I smile because I am selfish.
Did that come out right? Yes, I meant that, but maybe not in the way that you took it (don't take that personally).
I smile because I am selfish.
I am an individual, undeterred by pragmatist pressures. I am influenced by my happiness, guided by it, awoken every morning by the promise of it. I myself crave happiness, fulfillment, realization of my goals. To use my smiles, my happiness, as a means to an end would be to subvert them to some other goal. I can have none of that; No, my happiness must be primary.
I smile because I am selfish.
Every breath that I take is for myself and myself alone. Don't get me wrong, I love my family and my friends and dogs and the occasional chemistry lesson. Oh, I love so many things so indescribably deeply. But the first and foremost of those things is myself. How should a person be expected to be happy and give love if they do not first love themselves? The average person spends more time trying to make others happy than they do thinking about what they truly want from the world. If Make a change in the world, we can make it better for everyone. But that doesn't happen unless you step away and do some work, selfishly and independently.
I smile because I am selfish.
I live for myself, attached to others, though unattached to their influences. Only I can be me; only I can do as I do. I am not special, but maybe I am daring enough, maybe I am creative enough, maybe I am selfish enough to be different enough to change the world enough. Enough for what? Enough for me.
I smile because I am selfish. 612Please respect copyright.PENANAvtSz82f6AB
I have been extraordinarily blessed with an opportunity to do what I want. Am I to give that up for the collective society that wants me to restrict myself? I have goals, and dreams, I have a chance, and god damn it if I am going to be what stops me. I refuse to hate myself, and I refuse to moderate how I live my life. I love my life. It is mine. I ultimately serve nothing but it.

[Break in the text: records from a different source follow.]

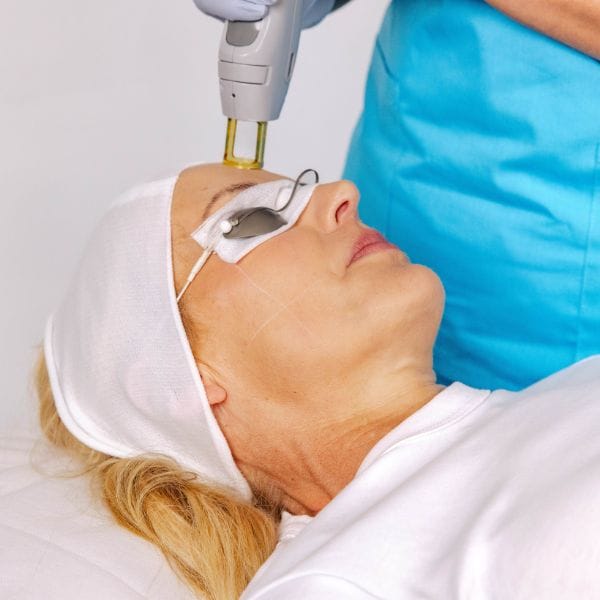 Laser for Skin Rejuvenation - Decolletage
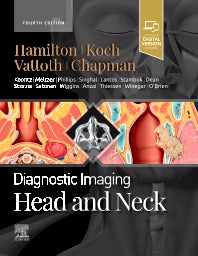 Diagnostic Imaging: Head and Neck (Hardback) 9780323796507
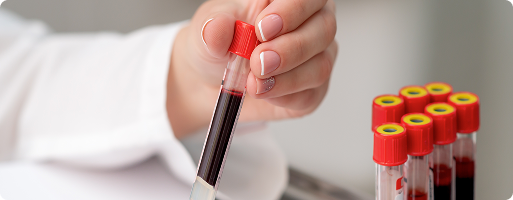  ¿Por qué son diferentes los resultados de los análisis de sangre?1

I smile because I am selfish.
Because I want to live a complete life. Not necessarily a long life, or a successful life, or a comfortable life. I want to live a life in which I can look back and say that I truly fought for what I believed in, what I wanted, in a world that told me that selfishness was a sin. 612Please respect copyright.PENANApI3AFg59Yd
I smile because I am selfish. 612Please respect copyright.PENANAmiPqlGnwlI
And there is nothing comparable to reaching the things that I have dedicated my life towards. My happiness is unobtainable without independence. I could never be happy if I confined myself to a system of self-limitation; Burrowing my head into a hole in the ground may be less asphyxiating than self-limitation, and it would definitely foster less ignorance. Should I give my chance to others who may not believe as dearly as I do, as steadfast as I do? Regardless of whether I should, I'm not going to. Because I want my chance. Because I'm selfish.
I smile because I am selfish.
I hope that you will understand. I don't mean to advocate selfishness in the way of attempting to cause harm to another. I would never advocate being rude without reason. But I will not submit to the "good of the majority", whatever that means. I get that it's a Core Democratic Value™, but I honestly don't care. To me, selfishness is allowing yourself to do things for yourself, with no regards to the opinions of others. Selfishness is independence, freedom, choice; Selfishness is happy. Selfishness is too often used as a pejorative; I don't think of it as a negative characteristic. 612Please respect copyright.PENANA0znlDDq8HC
I smile because I am selfish.
To me, selfishness is allowing yourself to do things for yourself, with no regards to the opinions of others. Selfishness is independence, freedom, choice; Selfishness is happy. Selfishness is too often used as a pejorative; I don't think of it as a negative characteristic. 612Please respect copyright.PENANAe4uqwsM5dc
I smile because I am selfish. 612Please respect copyright.PENANAVHXoP4In1V
I am not going to ask forgiveness. There is no way in hell that I am sorry.